O caso Isabella
Creio que pouquíssimos pais possam bater no peito e dizer que nunca deram nenhum tipo de castigo aos meus filhos. Um amigo, lá do Ceará, dizia que lhe doía, mais que a maior dor mundo, cada palmada que aplicava no Renato (um tremendo pestinha, raspa de tacho, que aparecera para fazer a felicidade do pai após quatro filhas). Mas que não lhe restava outra coisa senão cumprir esta tarefa, que era a pior parte do ser pai. Dizia ainda que se não traduzisse limite de forma clara, a ponto do filho infante compreender, a policia o faria isso no futuro. Não ia fazer e criar filho para o Estado educar; ele, o pai, educaria!
E então entro no caso Isabela que há dias não sai das manchetes. Que sina terrível a dessa menina. As pessoas que deveriam protegê-la deram-lhe a morte precoce e horrenda. Lancina ver os familiares tentando dar ao caso versão determinista, a la Taine. Ou seja, esta criança nascera para complicar as futuras relações entre os pais e a madrasta; nascera determinada a isto e que o fato de ter sido brutalmente assassinada, não é tão grave assim porque o assassino(s), na verdade, foi(m) vitima(s) do próprio determinismo! O(s) matador(s) foi(m) apenas instrumento(s) para que se cumprisse o destino traçado à família capenga, emaranhadamente moderna.

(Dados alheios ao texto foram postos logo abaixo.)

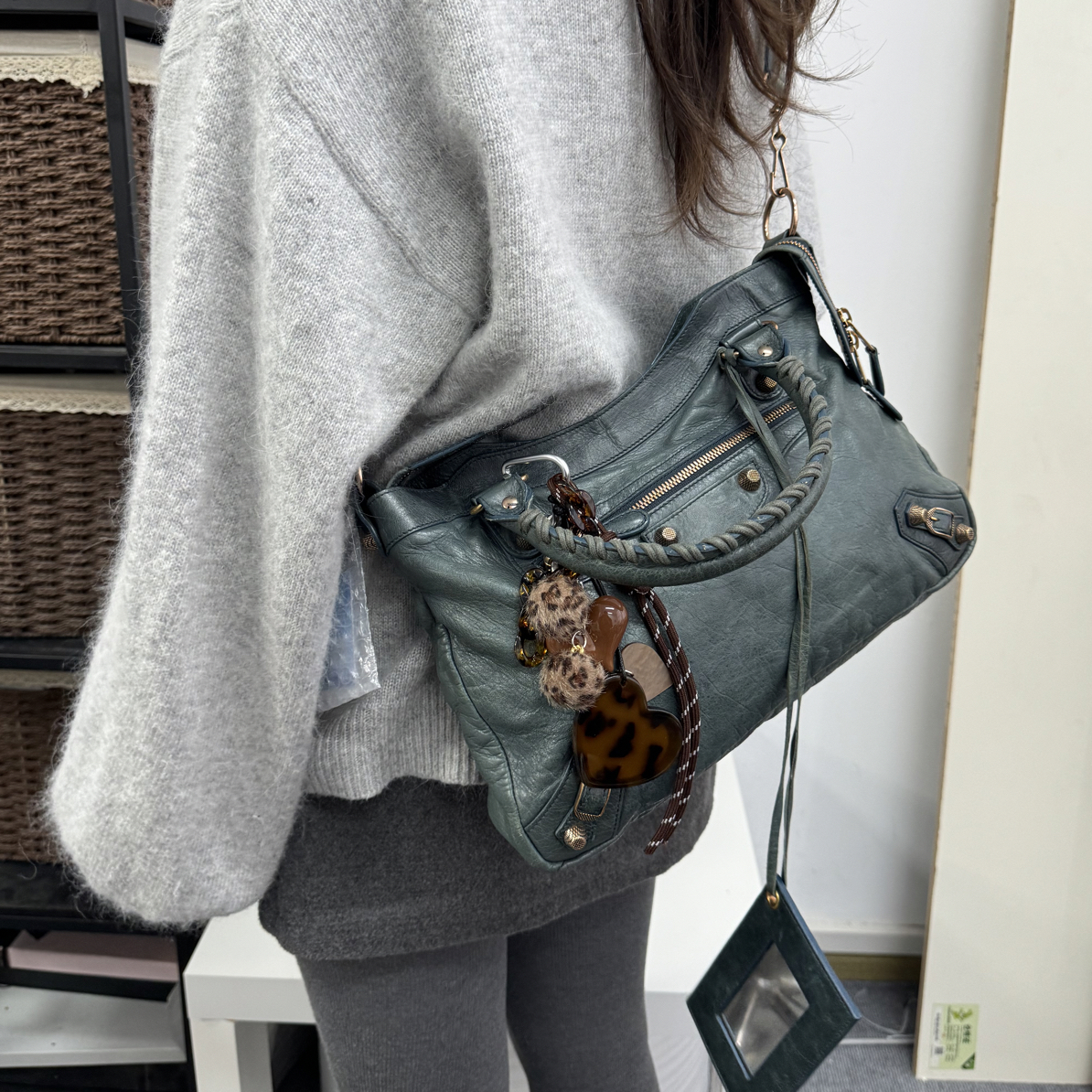 95新 Balenciaga/巴黎世家 灰绿色town机车包（34cm）/Y1081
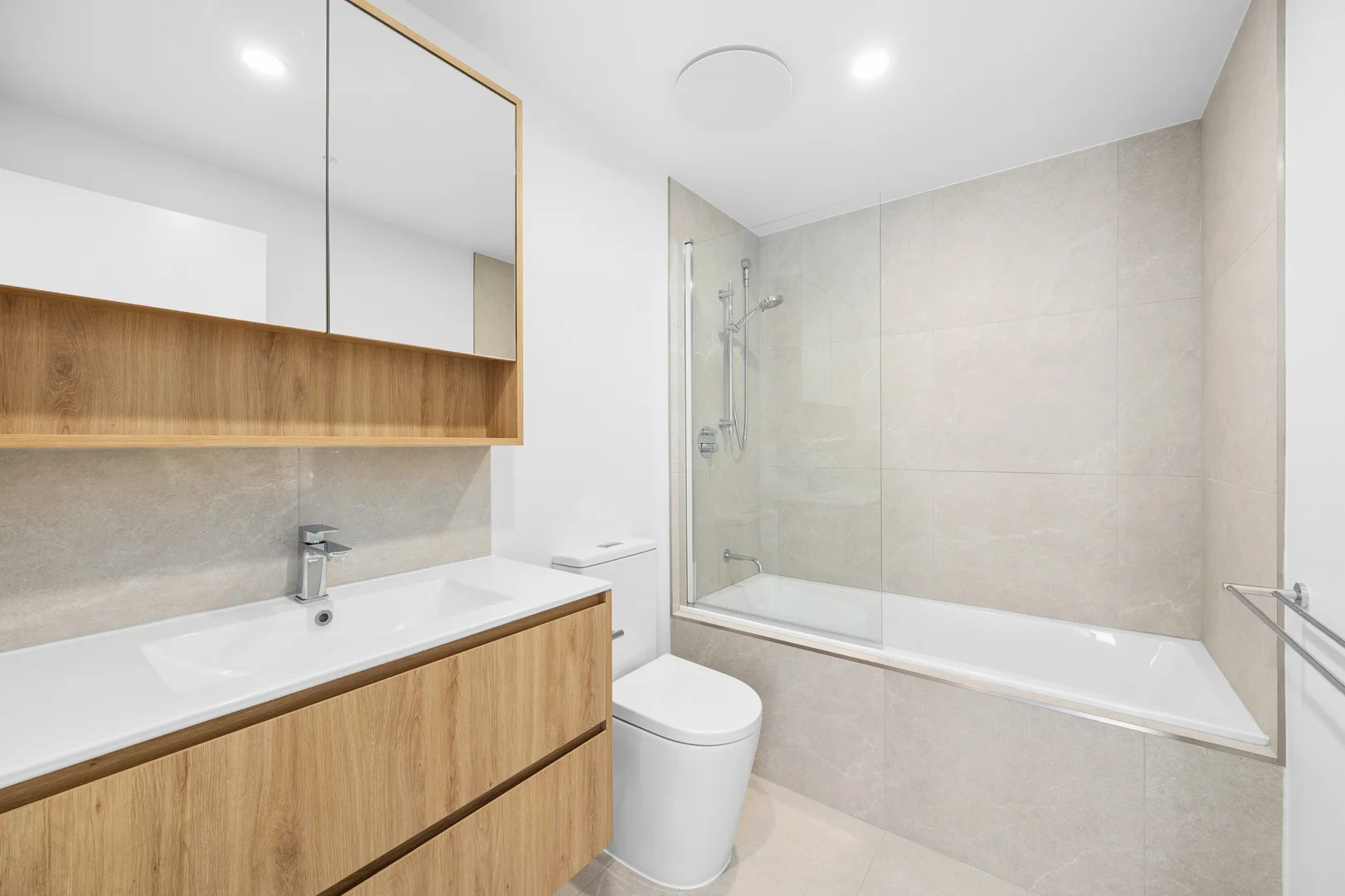 Additional image 8 of 702/11 Waterside Retreat, Birtinya QLD 4575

Os supostos assassinos e seus parentes são veementemente contra qualquer tipo de punição. A morte de Isabela deveria - a julgar pelas declarações deles todos - passar em branco ou, em havendo punição, que seja aplicada em um inocente, um pedreiro, um serviçal qualquer; jamais em assassinos bem nascidos, bem educados... Eis a mentalidade que predomina na sociedade que se sustenta aos homens e mulheres do futuro!
Há algum tempo, em conversa com um chinês ruim de português, perguntei se é verdade que no interior da China camponeses matam as filhas recém-nascidas, na esperança de que o próximo parto seja menino e que melhor ajude a família nos afazeres do campo. O chinês me explicou que não era bem assim. Era assim: se o casal já tivesse uma filha e viesse uma segunda, esta deixaria de existir dando a própria vida como quinhão, contribuindo assim, antecipadamente, com o grupo familiar. Tal procedimento seria apenas um arranjo para que a menina não se tornasse estorvo, durante a vida inteira, por ocupar o lugar destinado a outrem. Morta, passaria a existir espiritualmente, ganhava lugar de destaque, alimento fresco e homenagens no altar sagrado do clã, adrede mantido no interior do lar.
No Brasil as crianças ainda são geradas pelos pais. Mas já são criadas e educadas em série pelas creches estaduais e municipais. As atuais relações entre pais e filhos não são nem sequer parecidas com a relação entre Renato e o pai. Em alguns casos, todavia, são tão fatídicas quanto no interior da China camponesa. A maior diferença é que na China se dá a roupagem acima mencionada.
Creio que se o pai de Renato, num infeliz acidente, o tivesse matado, certamente, gritaria o fato para todos, pediria perdão e se entregaria ao capeta, através do suicídio.
Se os responsáveis por Isabela a tivessem matado por acidente seriam punidos civilmente. Mas, um bom coração, no meio de uma multidão enfurecida, diria:
- Eles só queriam educar a criança...
Agora, pegar a criança, mesmo julgando-a morta, e jogar do sexto andar, é de cortar coração de pedra. E mais aterrador: se a criança foi jogada, sabendo-se apenas desmaiada, somente para manter as aparências, quem vai cometer suicídio sou eu. Pois, se eu fosse verdadeiramente inocente, neste mundo não estaria.